Szabó is one of the most notable Hungarian filmmakers and one who has been best known outside the Hungarian-speaking world since the late 1960s. Working in the tradition of European auteurism, he has made films that represent many of the political and psychological conflicts of Central Europe's recent history, as well as of his own personal history. He made his first short film in 1959 as a student at the Academy of Drama and Film in Budapest, and his first feature film in 1964.

He achieved his greatest international success with Mephisto (1981) for which he was awarded an Academy Award for Best Foreign Language Film. Since then, most of Szabó's films have been international co-productions filmed in a variety of languages and European locations. However, he has continued to make films in Hungarian, and even in his international co-productions he has often filmed in Hungary using Hungarian talent.

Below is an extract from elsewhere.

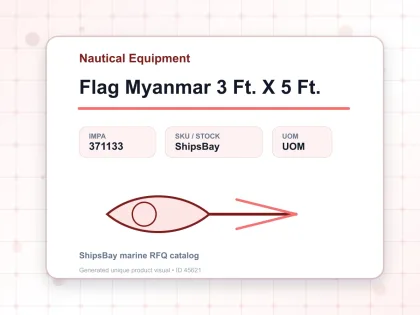 Flag Myanmar 3 Ft. X 5 Ft. - Nautical Equipment - IMPA 371133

In 2006, weekly Hungarian magazine Élet és Irodalom (Life and Literature in English) published an article revealing that Szabó had been an informant of the Communist regime's secret police.

==Life==
Born in Budapest, Szabó is the son of Mária (née Vita) and István Szabó, the latter of whom was a doctor from a long line of doctors. Szabó came from a family of Jews who had converted to Catholicism, but were considered Jews by the Arrow Cross Party (Hungarian fascists). They were forced to separate and hide in Budapest sometime between 15 October 1944, when Nazi Germany deposed the Hungarian government for trying to sign an armistice with the Allies, installing the Arrow Cross in power, and 13 February 1945, when the Soviets defeated the German Army in Budapest. Szabó survived by hiding at an orphanage, but his father died of diphtheria shortly after the German defeat. Memories of these events would later appear in several of his films.

In 2006, weekly Hungarian magazine Élet és Irodalom (Life and Literature in English) published an article revealing he had been an informant for the Communist regime's secret police. Between 1957 and 1961, he submitted 48 reports on 72 people, mostly classmates and teachers at the Academy of Drama and Film in Budapest. According to historian István Deák, in only one case did Szabó's informing cause significant damage, when an individual was denied a passport. After the article was published, over 100 prominent intellectuals, including some of those about whom Szabó had made reports, published a letter of support for him. Szabó's initial response to the article was that informing had been an act of bravery, since he had intended to save the life of his former classmate Pál Gábor. When this claim turned out not to be true, Szabó admitted that his true motive had been to prevent his own expulsion from the Academy. Author Anna Porter asserted that "whether this is true or not is impossible to prove as not much has remained of Szabó's file and as revelations about the murky past of prominent figures such as Szabó have become mired in controversy."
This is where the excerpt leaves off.